Hauskauf, Immobilien, Grundstücke


Beantwortet von


09:26

Zusammenfassung: Bei einer Ausbaumaßnahme ist das Straßenbeitragsrecht anwendbar. Abzugrenzen ist die von einer erstmaligen Herstellung im Sinne des Erschließungsbeitragsrechts. Bauwünsche können ein erhebliches städtebauliches Interesse begründen und zu berücksichtigen sein.
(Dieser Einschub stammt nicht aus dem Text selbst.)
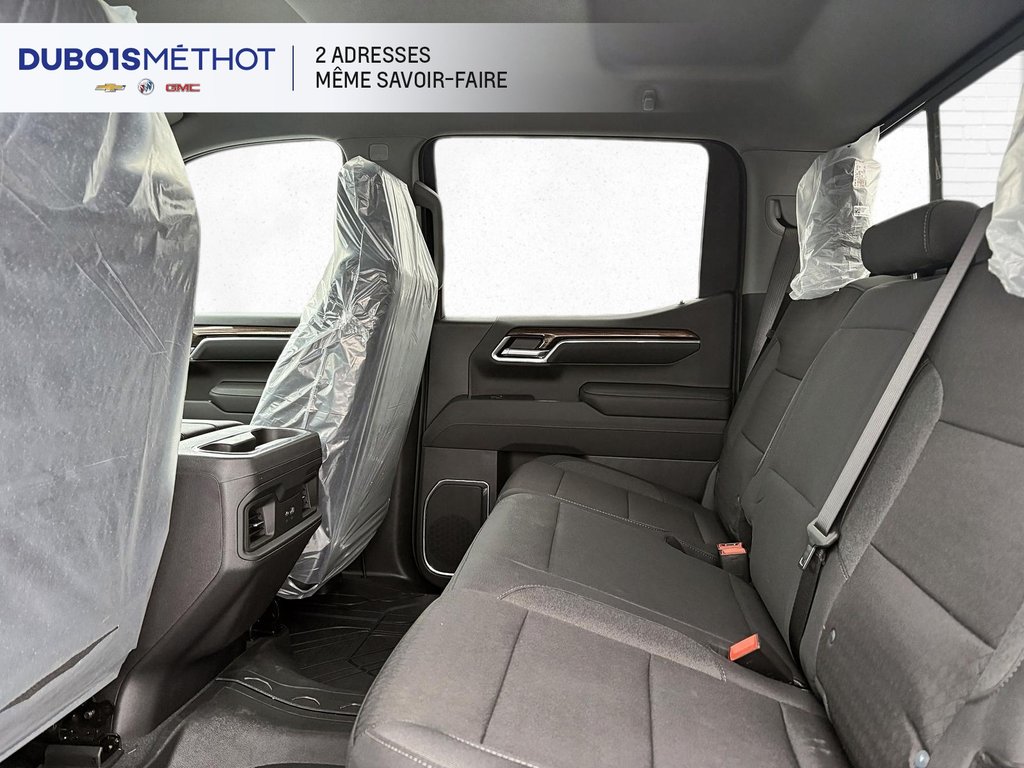 Chevrolet Silverado 1500 RST 2026 à Plessisville, Québec - 5 - w1024h768px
FRAGE 1: Wir haben 1995 ein Grundstück (A) in einen privaten Bauträger erworben einschließlich komplett fertiggestellten Eigenheims. Laut Kaufvertrag voll erschlossen. Kurz vor Fertigstellung der Erschließung wurde der Bauträger insolvent. Die Kaufsumme wurde voll bezahlt. Das war zwar unser persönliches Risiko/Pech, aber die Erschließung erfolgte für alle Medien und der Straße außer der Oberdecke Straßenbelag und Teilen des Bürgersteiges. Unser Grundstück konnte/wurde seit dieser Zeit ohne Einschränkungen genutzt. Inzwischen hat unsere Gemeinde die Straßen von dem Insolvenzverwalter übernommen. Jetzt haben wir ein Schreiben der Gemeinde erhalten, dass die Erschließung vollendet werden soll und wir gemäß Erschließungssatzung aus dem Jahre 2006 90% der Kosten übernehmen müssen. Nun zur Frage: Seit ca. 22 Jahren nutzen wir das erschlossene Grundstück. Ist es Rechtens, dass noch die Erschließungssatzung zur Anwendung kommt. Es gibt eine Straßenbausatzung. In dieser Satzung werden bis maximal 60% auf den Grundstückseigentümer umgelegt. Einfach gedacht, wenn nur Straße gebaut, dann Straßenbausatzung. Zu einfach? Macht es Sinn entsprechend in Widerspruch zu gehen? Wir haben ein etwas größeres Grundstück, so dass die Differenz bei etwa 5-6k€ liegt. PS: Seit 22 Jahren werden wir mit Grundsteuer für ein erschlossenes Grundstück belastet.
FRAGE 2: Aus der Insolvenzmasse haben wir 2007 das unbebaute Nachbargrundstück (B) gekauft, (nutzen wir derzeit als Garten ohne Medienanschlüsse und Zufahrt) wissend, dass dies als nicht erschlossen gilt aber bebaubar ist. Für den Fall, dass wir an den Erschließungskosten zu 90% beteiligt werden, können wir verlangen, dass ein abgesenkter Bürgersteig für eine noch nicht vorhandene Einfahrt errichtet wird? Und das kostenneutral auch die Abwasserleitung etc. angeschlossen wird?
Danke für Ihre Antwort im Voraus.
24.07.2018 | 20:11

Antwort

von


(167)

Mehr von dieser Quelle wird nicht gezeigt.